Given a non-empty string, encode the string such that its encoded length is the shortest.
The encoding rule is: k[encoded_string], where the encoded_string inside the square brackets is being repeated exactly k times.
Note:
- k will be a positive integer and encoded string will not be empty or have extra space.
- You may assume that the input string contains only lowercase English letters. The string's length is at most 160.
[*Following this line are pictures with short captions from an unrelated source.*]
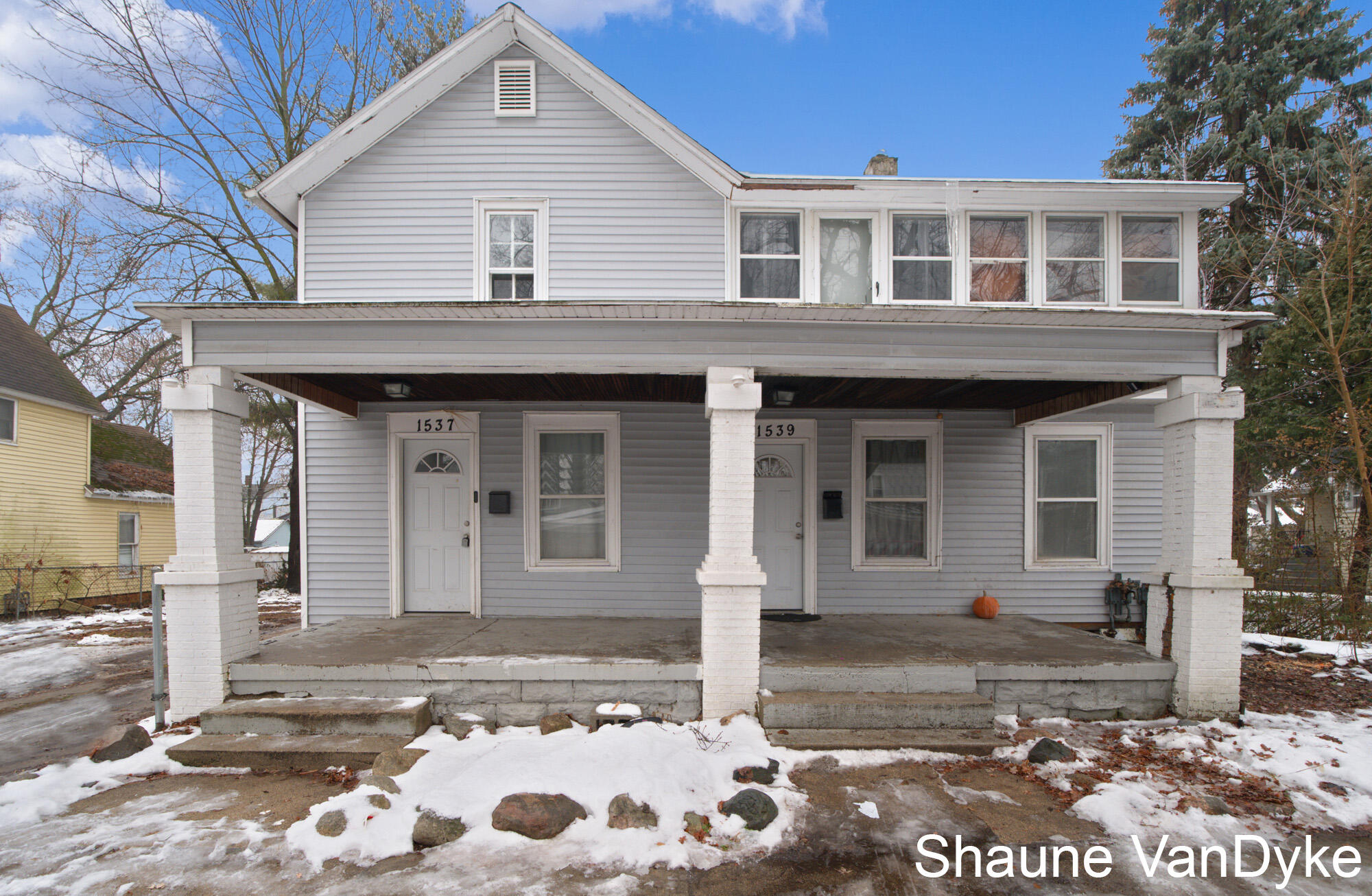 1537 Broadway Avenue NW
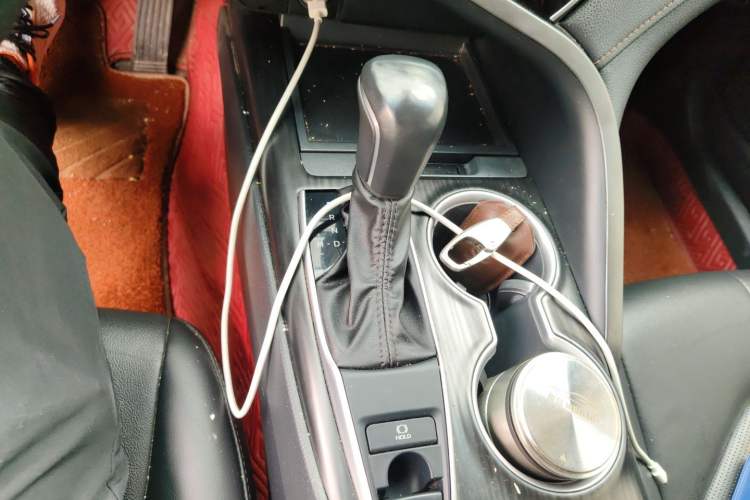 Used Toyota Camry 2023 2.0G Luxury Edition Gear Lever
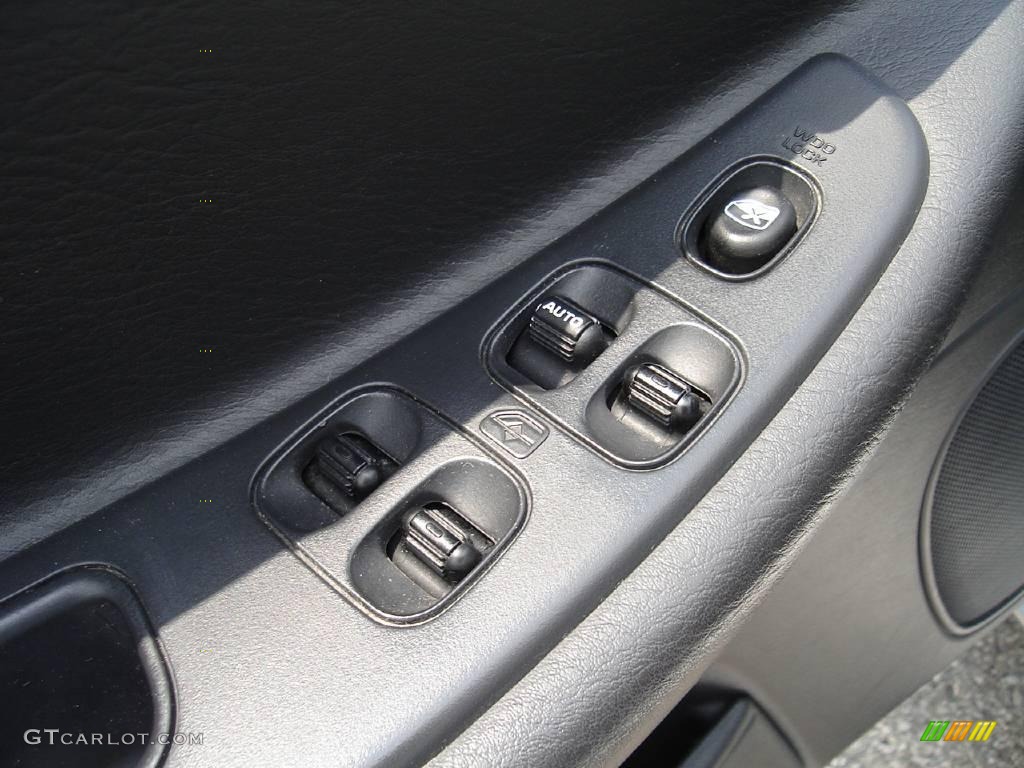 2006 Stratus SXT Sedan - Bright Silver Metallic / Dark Slate Grey photo #23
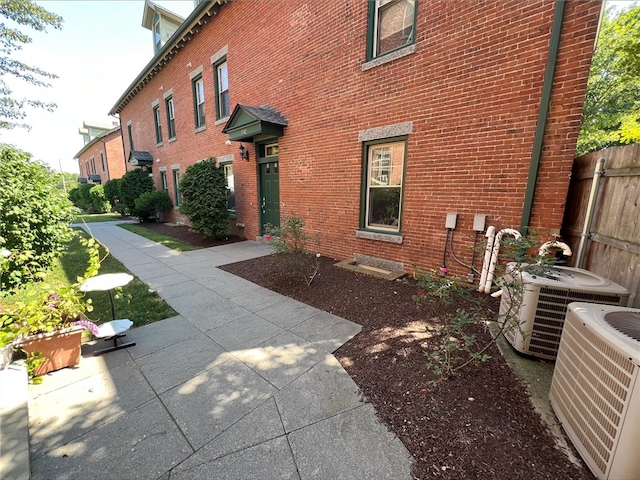 1742 Lonsdale Ave Unit 5, Lincoln, RI 02865 - photo 2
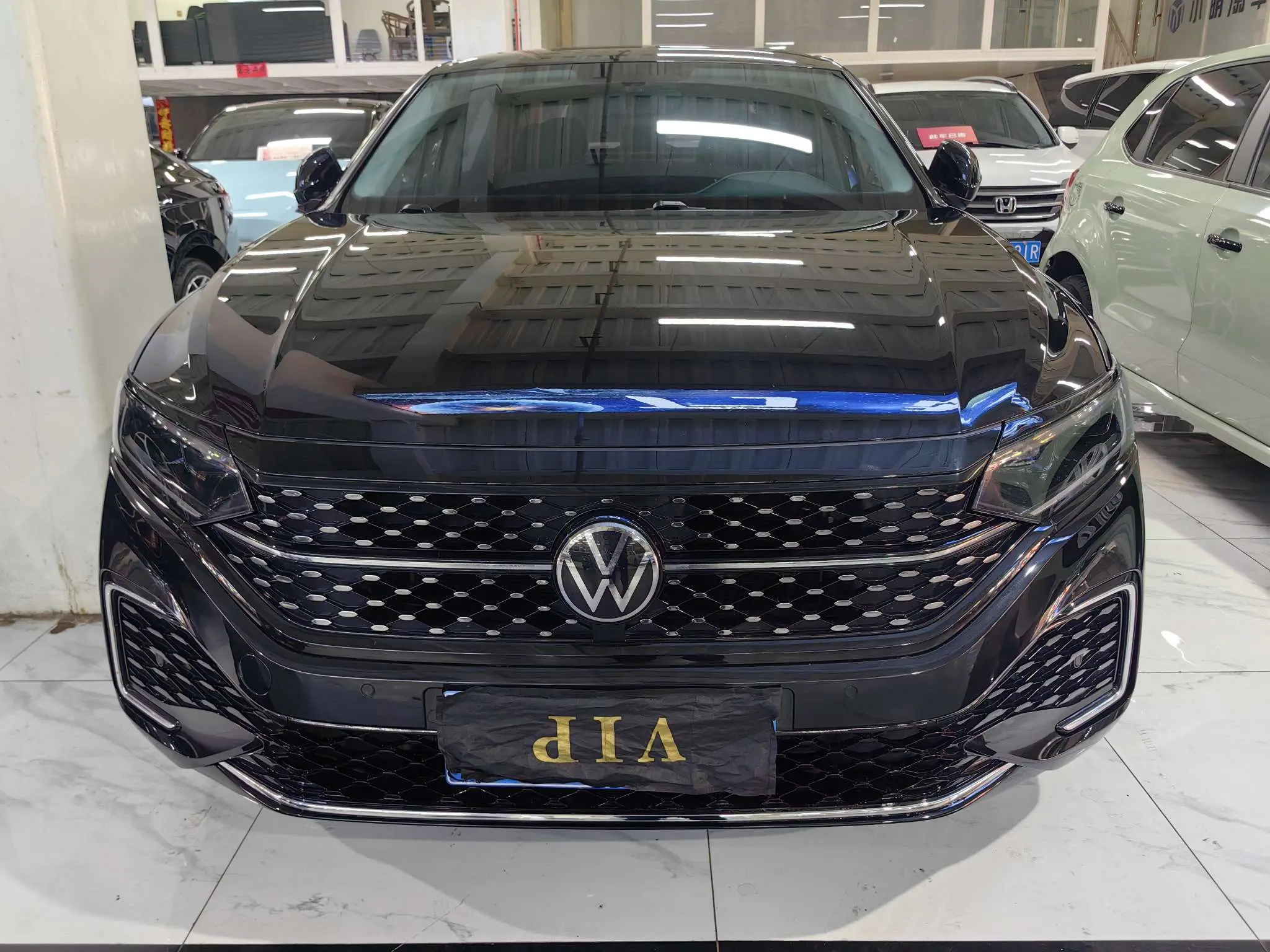 Volkswagen Passat  из Китая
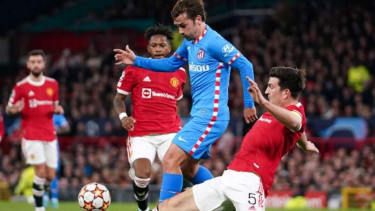 Kapten Manchester United, Harry Maguire (kanan)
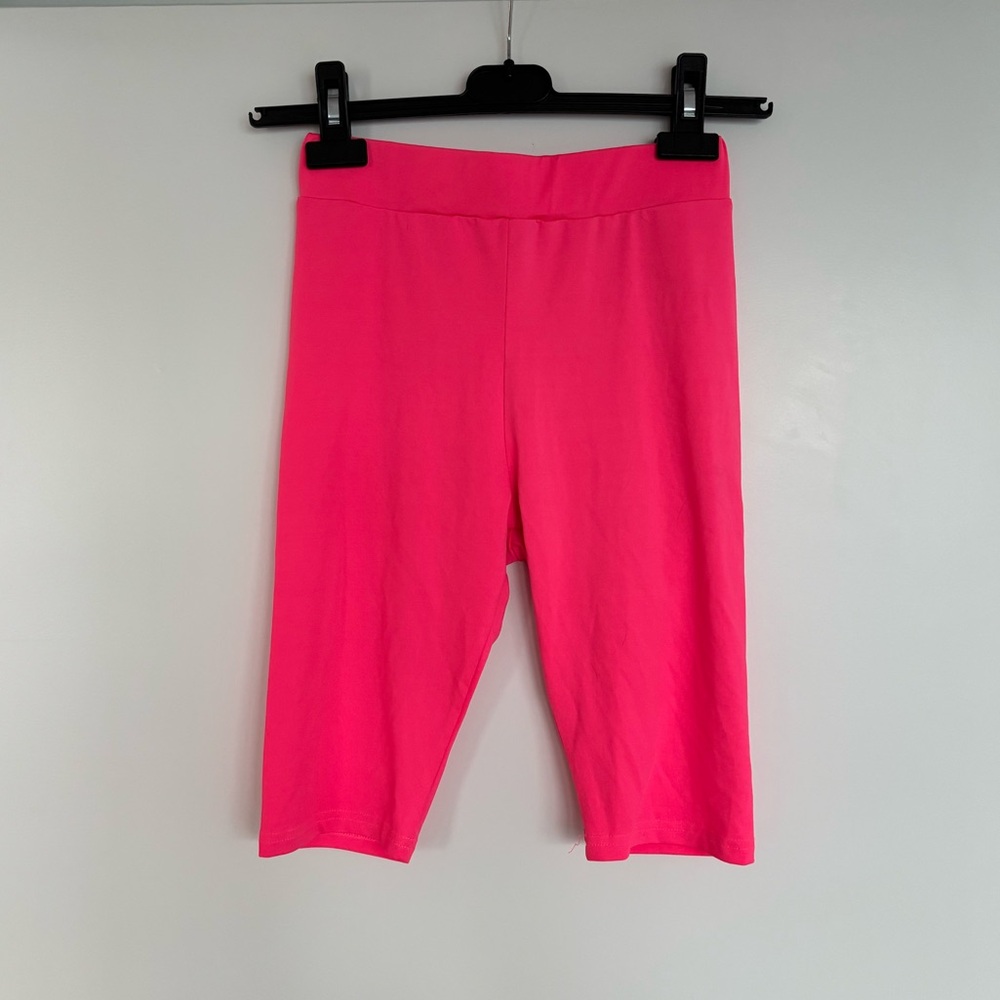 11-13” Waist Vibrant Women's Biker Shorts, Pink, Size Small.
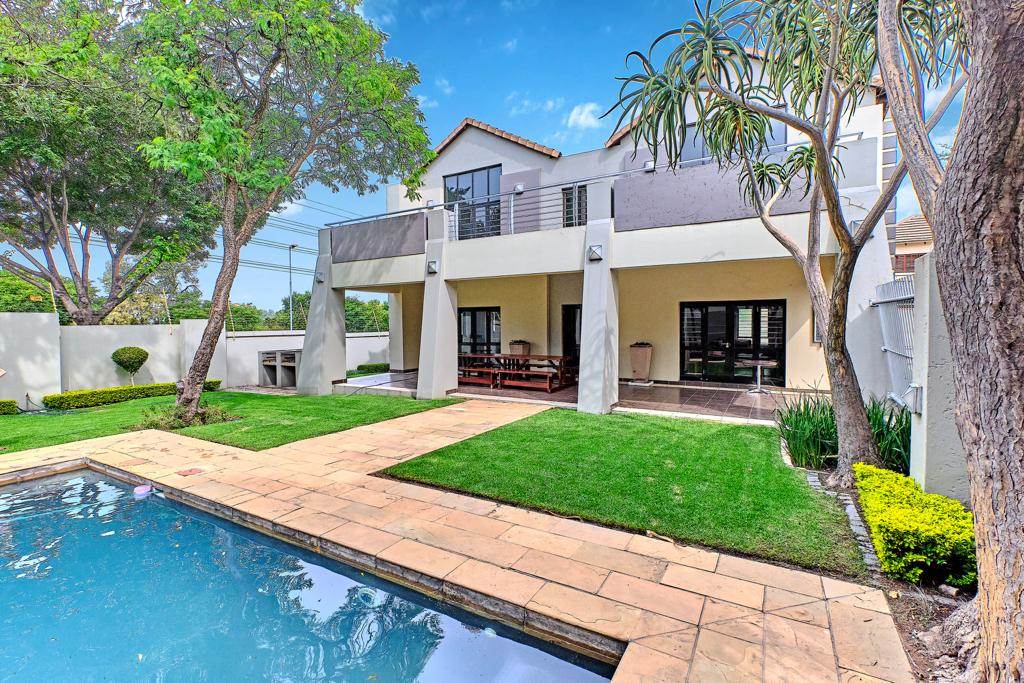 3 Bed Townhouse in Lonehill photo number 24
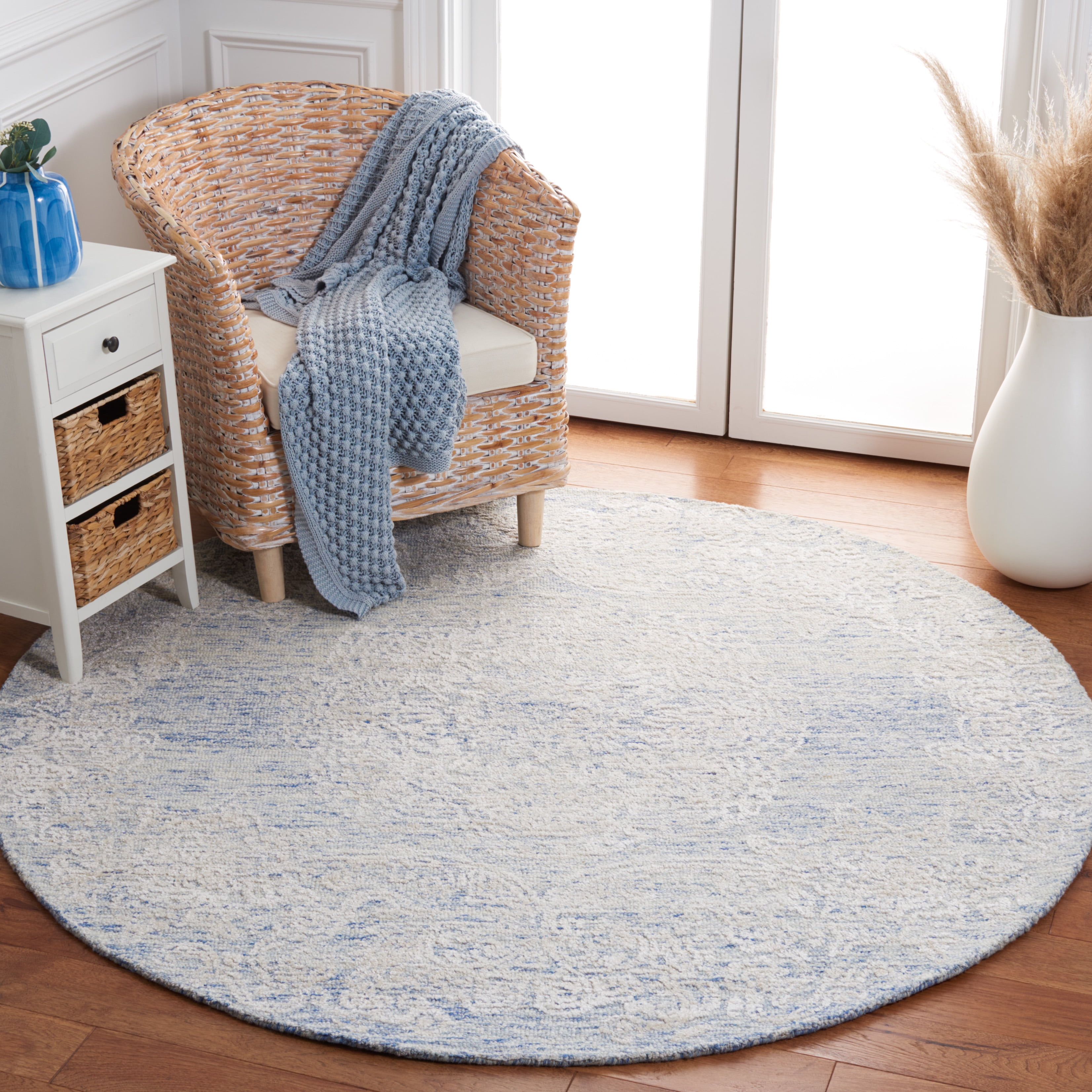 SAFAVIEH Precious Ariana Quatrefoil Area Rug, Blue/Ivory, 6' x 6' Round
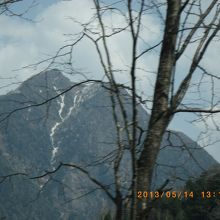 登山口から見た甲斐駒ケ岳の全景。
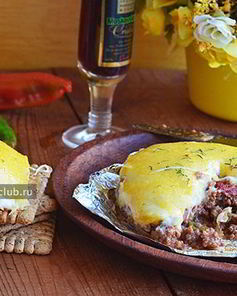 Мясная запеканка с соусом бешамель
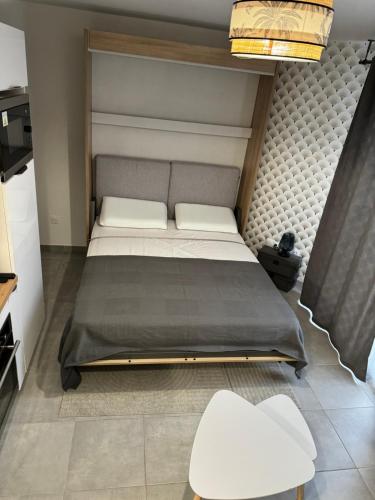 - une chambre avec un lit et deux chaises blanches dans l'établissement Superbe studio cosy, à Chessy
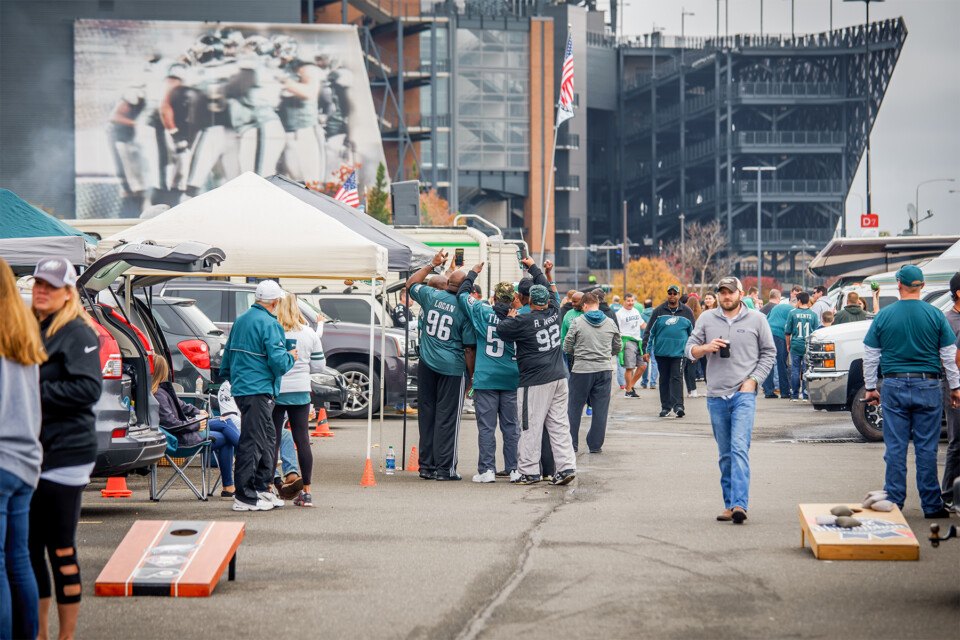 eagles tailgate wedding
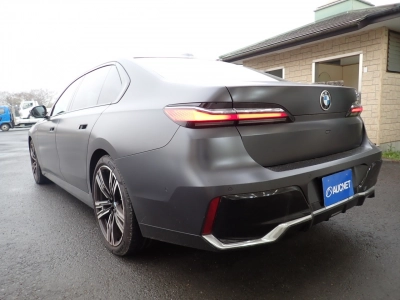 BMW 7 SERIES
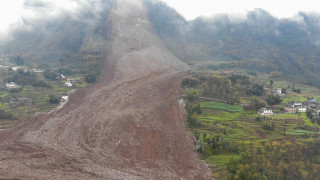 Най малко 1000 души загинаха при свлачище което разруши село в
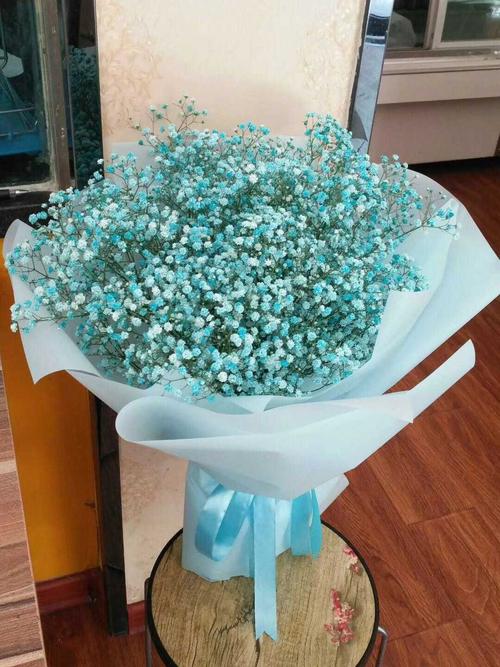 满天星送闺蜜寓意什么,满天星送闺蜜寓意什么意思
- If an encoding process does not make the string shorter, then do not encode it. If there are several solutions, return any of them is fine.
Example 1:
Input: "aaa"
Output: "aaa"
Explanation: There is no way to encode it such that it is shorter than the input string, so we do not encode it.
Example 2:
Input: "aaaaa"
Output: "5[a]"
Explanation: "5[a]" is shorter than "aaaaa" by 1 character.
Example 3:
Input: "aaaaaaaaaa"
Output: "10[a]"
Explanation: "a9[a]" or "9[a]a" are also valid solutions, both of them have the same length = 5, which is the same as "10[a]".
Example 4:
Input: "aabcaabcd"
Output: "2[aabc]d"
Explanation: "aabc" occurs twice, so one answer can be "2[aabc]d".
Example 5:
Input: "abbbabbbcabbbabbbc"
Output: "2[2[abbb]c]"
Explanation: "abbbabbbc" occurs twice, but "abbbabbbc" can also be encoded to "2[abbb]c", so one answer can be "2[2[abbb]c]".
一刷
题解:
dp[i][j] = string from index i to index j in encoded form.
We can write the following formula as:-
dp[i][j] = min(dp[i][j], dp[i][k] + dp[k+1][j]) or if we can find some pattern in string from i to j which will result in more less length.
Time Complexity = O(n^3)
public String encode(String s) {
String[][] dp = new String[s.length()][s.length()];
for(int l=0;l